Menurut Chatterjee, penggunaan antibiotik sebagai substitusi upaya pencegahan dan pengendalian infeksi di rumah sakit mungkin merupakan salah satu kesalahan terbesar selama pandemi ini. Ia mengingatkan bahwa bakteri dapat tumbuh dalam tubuh dan meningkatkan infeksi saat menjadi resisten antibiotik.

Dalam beberapa kasus, resistensi antibiotik membuat tidak mungkin untuk mengobati penyakit. Chatterjee mengatakan, pasien kemudian harus menjalani rawat inap yang berkepanjangan dan peningkatan biaya perawatan, selain membahayakan nyawanya.

Bahaya self-medication

Sementara itu, Lakhe mengatakan, antibiotik yang tersedia gagal membunuh organisme resisten ini. Ada kelangkaan antibiotik baru yang menghilangkan ancaman tersebut, di mana sebagian merupakan masalah buatan manusia.

Faktanya, semua orang ikut bertanggung jawab dalam hal ini. Sebagai contoh, sering kali orang membeli obat yang dijual bebas di apotek, bahkan saat merasa hanya sedikit tidak enak badan. Praktik self-medication seperti inilah yang berkontribusi terhadap resistensi antibiotik.

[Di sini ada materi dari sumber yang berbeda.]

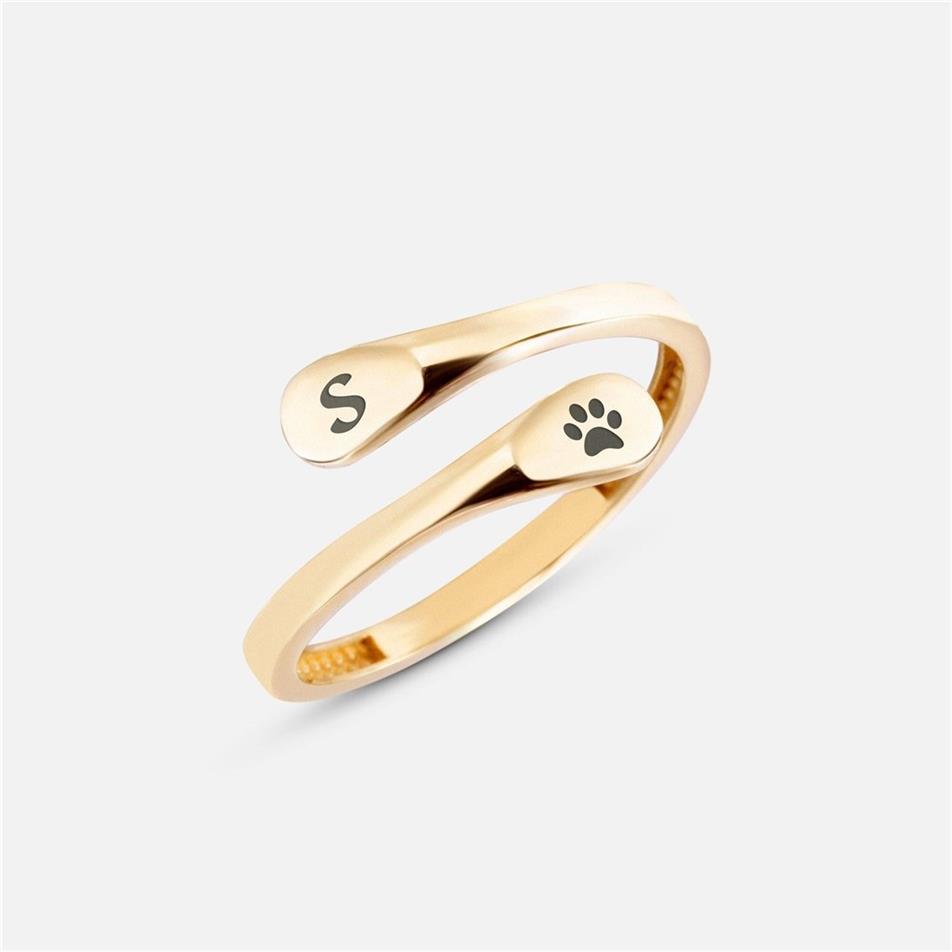 Solid Gold Paw Print Wrap Ring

Praveen Gupta, Direktur Neurologi Fortis Memorial Research Institute, Gurugram di India mengatakan, resistensi antibiotik adalah salah satu risiko dasar pengobatan. Karena itu, penting bagi seseorang untuk mengandalkan antibiotik hanya yang diresepkan oleh dokter.

"Antibiotik harus digunakan dengan bijaksana setelah mengidentifikasi penyebab sebenarnya dari infeksi Anda. Alih-alih antibiotik spektrum luas, dosis terarah dan bertarget harus digunakan untuk melawan patogen tertentu, dan ketika infeksi sembuh, antibiotik harus segera diturunkan atau dikurangi kadarnya untuk melindungi antibiotik," jelas Gupta.